**DATA SHOWN:**
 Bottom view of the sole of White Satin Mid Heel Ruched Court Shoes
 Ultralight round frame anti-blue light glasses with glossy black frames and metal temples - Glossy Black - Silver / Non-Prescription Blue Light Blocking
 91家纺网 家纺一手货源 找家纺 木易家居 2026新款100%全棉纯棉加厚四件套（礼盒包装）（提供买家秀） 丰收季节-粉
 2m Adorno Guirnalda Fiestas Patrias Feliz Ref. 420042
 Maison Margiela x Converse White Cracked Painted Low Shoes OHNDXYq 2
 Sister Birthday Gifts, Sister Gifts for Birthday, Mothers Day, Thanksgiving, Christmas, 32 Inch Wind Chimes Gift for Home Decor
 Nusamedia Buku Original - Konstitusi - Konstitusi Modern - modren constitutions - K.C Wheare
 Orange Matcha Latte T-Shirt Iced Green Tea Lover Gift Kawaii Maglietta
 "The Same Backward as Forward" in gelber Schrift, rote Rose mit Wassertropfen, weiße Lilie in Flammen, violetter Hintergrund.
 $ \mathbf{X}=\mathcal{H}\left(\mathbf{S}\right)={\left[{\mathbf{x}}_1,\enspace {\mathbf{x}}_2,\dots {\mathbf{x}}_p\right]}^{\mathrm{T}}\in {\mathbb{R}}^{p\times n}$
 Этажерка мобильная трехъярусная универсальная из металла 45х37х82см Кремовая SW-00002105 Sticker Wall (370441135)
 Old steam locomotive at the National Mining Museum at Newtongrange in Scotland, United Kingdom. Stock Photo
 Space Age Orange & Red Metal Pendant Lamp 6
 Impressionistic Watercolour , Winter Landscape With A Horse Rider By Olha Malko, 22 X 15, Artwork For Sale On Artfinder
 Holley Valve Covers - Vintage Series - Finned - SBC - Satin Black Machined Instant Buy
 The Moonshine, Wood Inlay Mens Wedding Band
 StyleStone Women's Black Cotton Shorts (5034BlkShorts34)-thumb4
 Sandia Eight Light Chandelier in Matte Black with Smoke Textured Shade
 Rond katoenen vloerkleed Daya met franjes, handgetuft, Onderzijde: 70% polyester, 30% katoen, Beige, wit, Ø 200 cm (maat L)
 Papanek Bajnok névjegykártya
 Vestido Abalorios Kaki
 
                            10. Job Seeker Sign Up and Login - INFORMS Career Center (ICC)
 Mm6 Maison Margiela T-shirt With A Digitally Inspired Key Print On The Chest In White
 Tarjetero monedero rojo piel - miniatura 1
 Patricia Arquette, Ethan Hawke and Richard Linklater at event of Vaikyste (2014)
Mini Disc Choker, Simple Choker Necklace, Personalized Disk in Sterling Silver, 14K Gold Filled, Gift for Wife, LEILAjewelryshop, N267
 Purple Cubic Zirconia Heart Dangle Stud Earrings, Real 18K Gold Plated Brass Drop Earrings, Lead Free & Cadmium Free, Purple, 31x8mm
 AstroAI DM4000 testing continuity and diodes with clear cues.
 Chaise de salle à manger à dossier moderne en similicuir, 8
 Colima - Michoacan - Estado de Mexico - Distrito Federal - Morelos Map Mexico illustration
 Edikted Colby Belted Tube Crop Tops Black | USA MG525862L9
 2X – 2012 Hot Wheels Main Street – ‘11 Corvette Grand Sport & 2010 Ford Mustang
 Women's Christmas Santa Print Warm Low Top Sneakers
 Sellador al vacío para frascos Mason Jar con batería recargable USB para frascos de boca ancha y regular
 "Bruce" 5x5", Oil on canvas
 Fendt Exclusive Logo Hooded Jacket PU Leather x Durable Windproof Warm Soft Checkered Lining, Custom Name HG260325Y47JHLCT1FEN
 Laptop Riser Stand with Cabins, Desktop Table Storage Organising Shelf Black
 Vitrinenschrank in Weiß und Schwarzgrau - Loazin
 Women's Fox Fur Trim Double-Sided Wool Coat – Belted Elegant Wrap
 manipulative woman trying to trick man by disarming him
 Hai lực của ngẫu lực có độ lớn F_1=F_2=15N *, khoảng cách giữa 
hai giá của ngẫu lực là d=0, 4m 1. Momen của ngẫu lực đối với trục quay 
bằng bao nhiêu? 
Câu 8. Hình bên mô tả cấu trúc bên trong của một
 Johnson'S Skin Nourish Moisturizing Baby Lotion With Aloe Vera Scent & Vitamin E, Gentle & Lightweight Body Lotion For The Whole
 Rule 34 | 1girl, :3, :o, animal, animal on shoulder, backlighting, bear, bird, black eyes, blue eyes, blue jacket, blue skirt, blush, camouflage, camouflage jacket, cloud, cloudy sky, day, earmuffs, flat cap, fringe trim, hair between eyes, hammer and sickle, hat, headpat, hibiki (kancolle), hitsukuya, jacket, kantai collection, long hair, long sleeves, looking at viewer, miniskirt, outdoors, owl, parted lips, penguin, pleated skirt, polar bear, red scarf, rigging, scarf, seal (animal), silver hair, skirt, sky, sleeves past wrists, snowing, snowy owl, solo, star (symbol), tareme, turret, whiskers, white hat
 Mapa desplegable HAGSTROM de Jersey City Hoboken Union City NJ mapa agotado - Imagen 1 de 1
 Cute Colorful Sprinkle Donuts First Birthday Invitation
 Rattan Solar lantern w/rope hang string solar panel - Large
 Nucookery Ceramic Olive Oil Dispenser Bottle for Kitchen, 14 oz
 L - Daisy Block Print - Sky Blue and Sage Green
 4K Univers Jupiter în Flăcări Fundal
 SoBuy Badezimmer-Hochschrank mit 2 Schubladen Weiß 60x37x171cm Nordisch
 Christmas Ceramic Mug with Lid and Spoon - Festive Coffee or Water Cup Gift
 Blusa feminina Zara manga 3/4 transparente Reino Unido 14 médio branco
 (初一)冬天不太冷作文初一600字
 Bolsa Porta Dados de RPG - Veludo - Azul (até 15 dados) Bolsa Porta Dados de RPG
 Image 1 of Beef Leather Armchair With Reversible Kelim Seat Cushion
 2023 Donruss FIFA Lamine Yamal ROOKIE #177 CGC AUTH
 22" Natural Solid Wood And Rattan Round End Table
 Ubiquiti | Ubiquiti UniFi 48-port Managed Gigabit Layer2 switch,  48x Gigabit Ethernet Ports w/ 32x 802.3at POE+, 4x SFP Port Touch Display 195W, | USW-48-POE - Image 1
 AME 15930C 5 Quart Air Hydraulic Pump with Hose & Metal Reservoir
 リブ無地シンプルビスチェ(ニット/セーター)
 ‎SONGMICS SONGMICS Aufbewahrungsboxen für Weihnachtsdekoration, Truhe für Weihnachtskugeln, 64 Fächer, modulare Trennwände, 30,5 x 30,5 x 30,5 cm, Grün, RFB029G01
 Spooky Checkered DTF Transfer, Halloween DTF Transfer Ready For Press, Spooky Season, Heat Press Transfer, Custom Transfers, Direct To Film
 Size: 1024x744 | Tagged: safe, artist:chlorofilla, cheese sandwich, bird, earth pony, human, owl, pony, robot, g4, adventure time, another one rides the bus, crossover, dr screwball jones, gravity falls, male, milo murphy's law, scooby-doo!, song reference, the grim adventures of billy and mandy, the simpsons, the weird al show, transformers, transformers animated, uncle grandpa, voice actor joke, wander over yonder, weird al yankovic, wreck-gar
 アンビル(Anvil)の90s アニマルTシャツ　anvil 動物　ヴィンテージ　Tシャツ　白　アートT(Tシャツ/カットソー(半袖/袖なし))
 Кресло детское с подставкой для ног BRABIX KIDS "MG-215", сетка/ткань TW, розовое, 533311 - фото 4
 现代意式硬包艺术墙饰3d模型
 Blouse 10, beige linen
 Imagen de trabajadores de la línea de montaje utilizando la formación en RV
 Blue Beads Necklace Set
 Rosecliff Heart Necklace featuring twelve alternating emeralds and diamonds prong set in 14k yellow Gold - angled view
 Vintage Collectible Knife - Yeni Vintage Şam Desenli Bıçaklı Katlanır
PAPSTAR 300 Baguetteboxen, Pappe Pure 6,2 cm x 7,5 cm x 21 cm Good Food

**WORK TO BE COMPLETED:**
For the records above, state how many lines contain the word "Orange". Give only the number.

**SOLUTION TO THE PROBLEM:**
2